@Louis-1988:
The spontaniety of losing their physical footing couple with the shock value of Uryuu's betrayal and him attacking them on the way down is why they didn't immediately catch their footing. We've seen this plenty of times already like with Mask De Masculine during the first invasion and Yammy back during the Hueco Mundo arc. Kubo didn't forget anything.
Really, this one point is pretty insignificant with the sea of problems that Bleach has. You seem to be one of the only posters here who defends Bleach all the time (you and Detectivekillua). Maybe it's because there really isn't much of a discussion happening here at this point, so you can't argue to much with posters, but whenever you post, it seems to be trivial details. Is Bleach better than we are making it out to be? Because I don't see any reason to defend this series, except maybe for people to not be making attacks on the author personally.

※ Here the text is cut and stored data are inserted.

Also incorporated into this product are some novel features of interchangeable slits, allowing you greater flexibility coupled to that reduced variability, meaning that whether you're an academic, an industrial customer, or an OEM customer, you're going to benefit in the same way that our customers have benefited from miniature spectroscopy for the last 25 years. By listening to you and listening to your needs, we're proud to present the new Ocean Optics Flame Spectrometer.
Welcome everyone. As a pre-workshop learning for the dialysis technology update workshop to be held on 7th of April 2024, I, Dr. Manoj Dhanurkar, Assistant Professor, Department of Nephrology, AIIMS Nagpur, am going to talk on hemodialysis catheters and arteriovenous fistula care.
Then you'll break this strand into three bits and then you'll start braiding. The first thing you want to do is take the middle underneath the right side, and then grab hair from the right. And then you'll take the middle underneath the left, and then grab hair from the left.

Kubo has not set up a proper story, and characterization is lacking, even from the characters we have known since the beginning. What is the whole reason that all of this is going on? At this point in the arc (2 or more years at this point?), we should have some sort of idea for motivations. Juhabach wants to kill the Soul King because he's a Quincy, despite being his son? Why? Sure, we can speculate that he hates his father, but the Soul King has no character, and the only thing we have to go off of is Aizen saying he didn't want that "thing" ruling. Juhabach has no character, and reason for his goal is unknown, this far into the arc.

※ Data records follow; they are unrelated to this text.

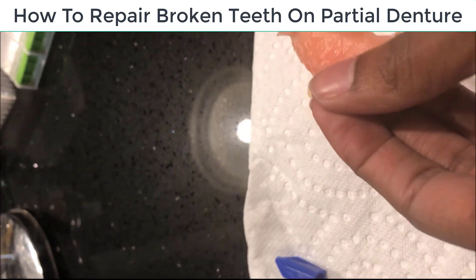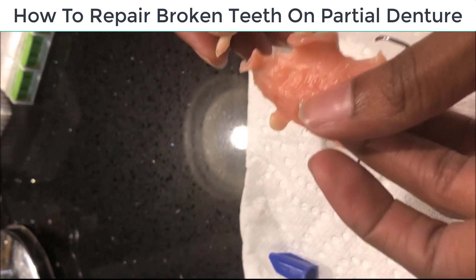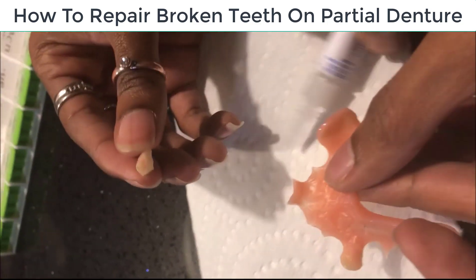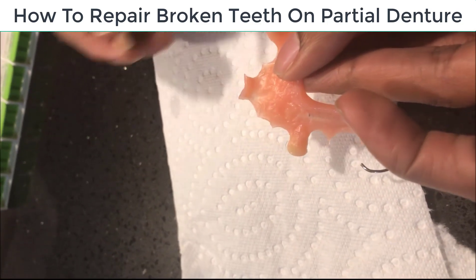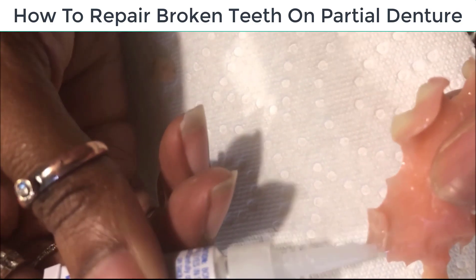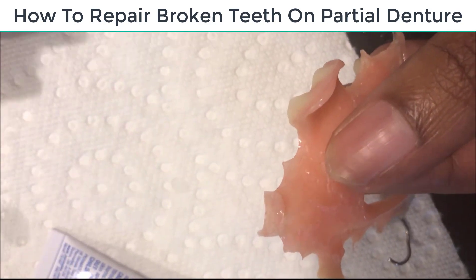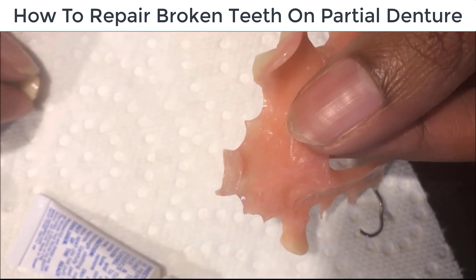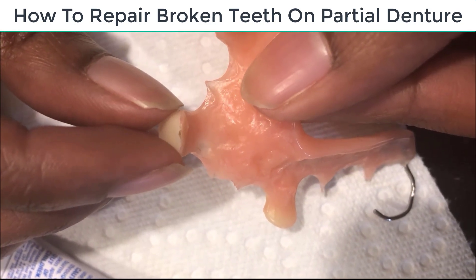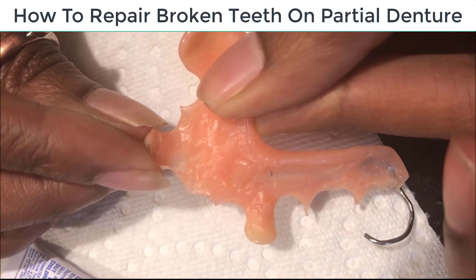So the only thing we did — and like I said, it's been a couple of months ago and this thing is still holding on, it hadn't broke. She wanted to give it a try. So what she did, she took the super glue and put a little bit on. It don't take much. And you take the teeth and you hold it on for probably about 15 or 20 seconds until it starts bonding.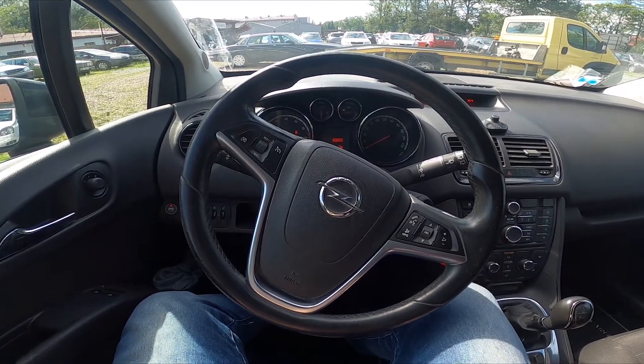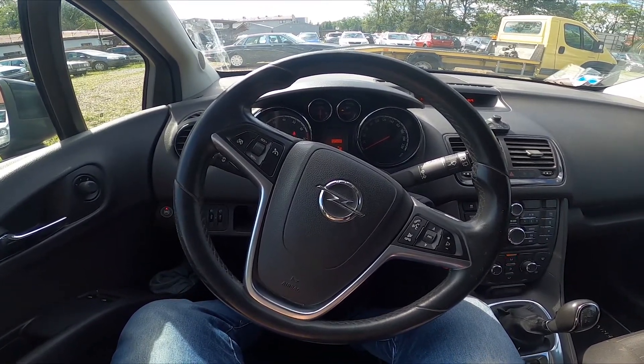Hello, today I'm in Opel Meriva. In this video I'll show you how to lock and unlock all the doors.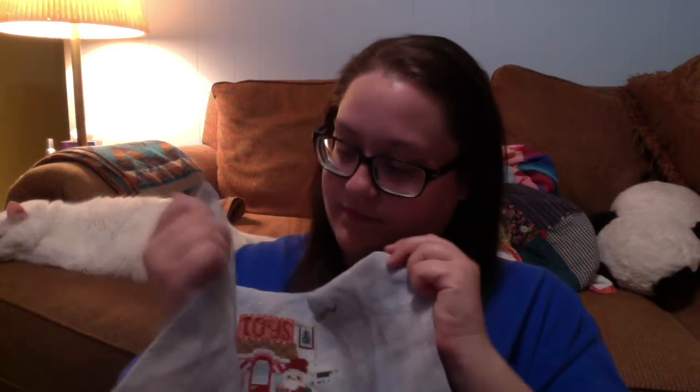Super cute! I love this pattern. I don't have too much left on it, which is really exciting. Hoping to have this done very soon — not by Christmas, but very soon.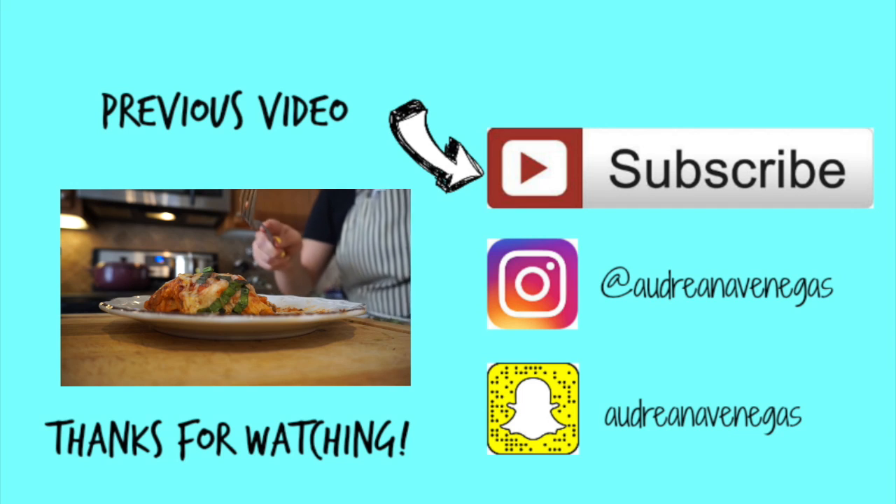Thank you guys for watching, hope you loved the video and enjoy the recipe. Please like and subscribe, and feel free to leave comments or suggestions for any future videos you'd like to see down below. Thanks again, see you next time.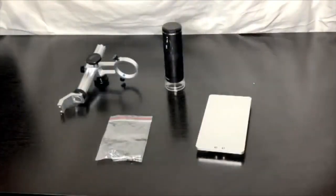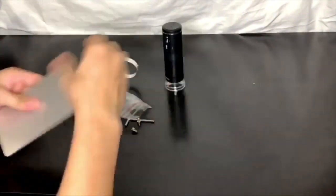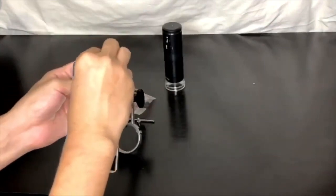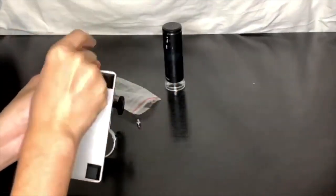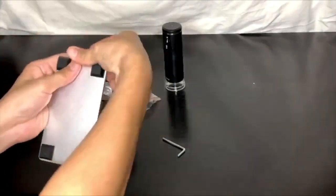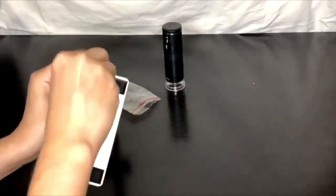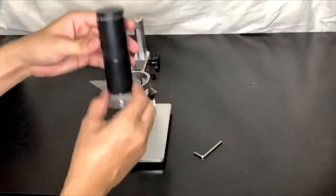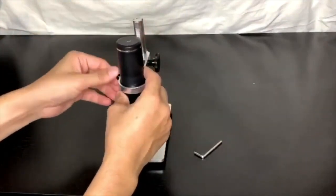Now let's start assembling the microscope. We'll take the mounting hardware out of the bag. Just take the base, turn it upside down, put the bolts into the bottom of the base, tighten them up, then we can place the microscope into the base.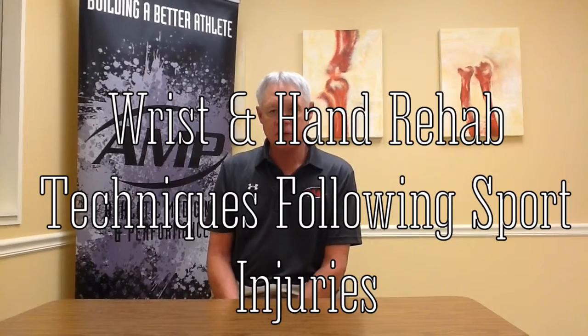I'm Terry Calkins, an occupational therapist and also a certified hand therapist at Ortho Montana. This video is a follow-up on the exercises that we presented at the 2016 Magic City Sports Medicine Conference.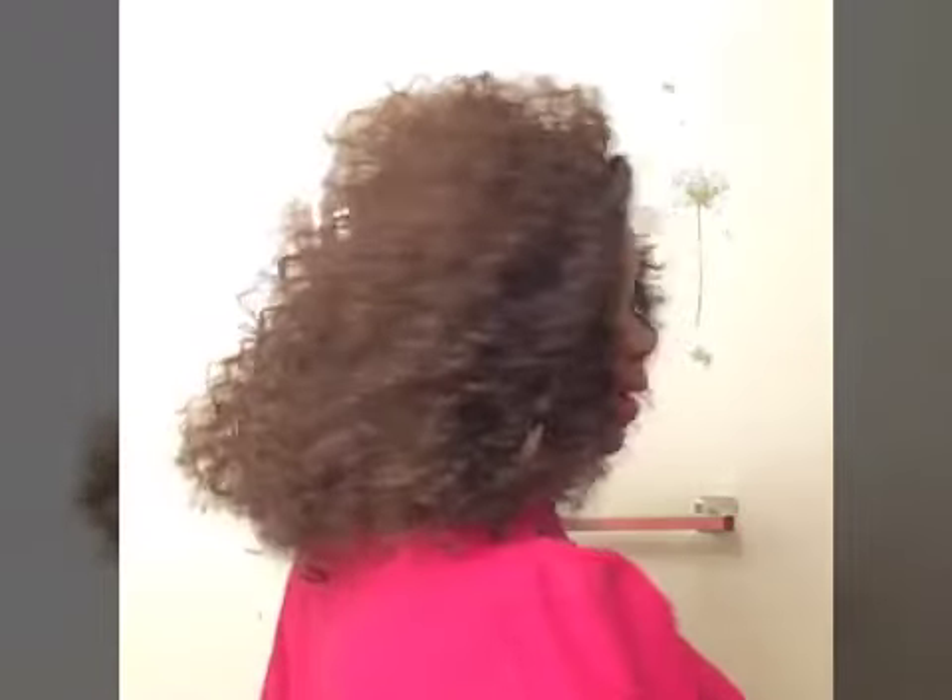This is all for this wig — one more 360 for you guys: front, side, back, other side, and front again. I do like this wig. Before I styled it, I would give this wig a 6 out of 10 only because it was just too much hassle and I had to put too much work into it. But after I made it my own, I would give it an 8 out of 10.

Why did everyone else join this man on his insane quest? He's not charismatic, so I don't see him convincing people to join his holy cause for things that don't concern them. Best I can come up with is they wanted power, but even then that makes little sense. The ones that have been with him longer knew he was insane and would expend them with no thought, so they decided to allow others to join? Also, if they hoped to get Juhabachs blessing, why get more people to join as competition? That's exactly like Jehova's witnesses trying to get others to join when they believe only a certain number of their believers will be saved.

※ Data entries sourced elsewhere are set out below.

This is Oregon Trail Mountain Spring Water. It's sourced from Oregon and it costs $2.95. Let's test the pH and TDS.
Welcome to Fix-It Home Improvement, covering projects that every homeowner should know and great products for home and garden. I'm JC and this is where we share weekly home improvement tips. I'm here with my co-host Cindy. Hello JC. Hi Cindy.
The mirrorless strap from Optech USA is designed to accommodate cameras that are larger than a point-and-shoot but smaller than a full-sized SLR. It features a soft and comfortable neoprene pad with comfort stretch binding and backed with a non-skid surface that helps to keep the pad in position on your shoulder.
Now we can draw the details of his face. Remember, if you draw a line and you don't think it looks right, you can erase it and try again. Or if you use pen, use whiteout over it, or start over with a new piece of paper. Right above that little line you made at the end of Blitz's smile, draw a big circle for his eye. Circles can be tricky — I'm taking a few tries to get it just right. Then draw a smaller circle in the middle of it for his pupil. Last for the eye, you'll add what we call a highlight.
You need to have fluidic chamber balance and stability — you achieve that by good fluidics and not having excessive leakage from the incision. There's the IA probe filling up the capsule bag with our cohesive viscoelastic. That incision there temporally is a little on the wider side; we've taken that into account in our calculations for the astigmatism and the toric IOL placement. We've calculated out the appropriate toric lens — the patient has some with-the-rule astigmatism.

Worse is that all these characters are introduced, and only about 4 of them have full fights (Bambina, Fear, Mask, and Imagination), 5 if you count Zombie. The rest are offscreened, or lose their powers. If Kubo wasn't going to have them fight, he shouldn't have introduced them. He could've had a smaller number, and after they were beaten Juhabach takes their powers while giving them the finger, because they did their job. The shinigami side has people doing jack squat, with a few beaten to hype a character, so a different character comes in and wins no problem.
The whole Bankai stealing part made no sense. They get stolen, and a few chapters into the second invasion, they get it back, showing again, that bankai is needed to win. Kubo couldn't even have a fight or two where those who lost their bankai's teamed up to fight weaker opponents. Not only that, but the whole "even with bankai they can't win" didn't go anywhere.
This whole arc, we have characters thrown in random locations, for fights to happen, with no motivation or characterization to get behind. The powers are boring, and the panels depicting the fight are boring and not creative. Ishida comes in for a panel or two, as if Kubo is waving his arms going "oh shit, what's he up to". Him saying he is a Quincy as the reason for being on Juhabachs side is stupid. You are actively letting the villain become God and dooming your friends, family, and home.
There is nothing good about this arc as far as I can seem, but I've admitted my bias against it a while ago. Maybe you have something that I am missing.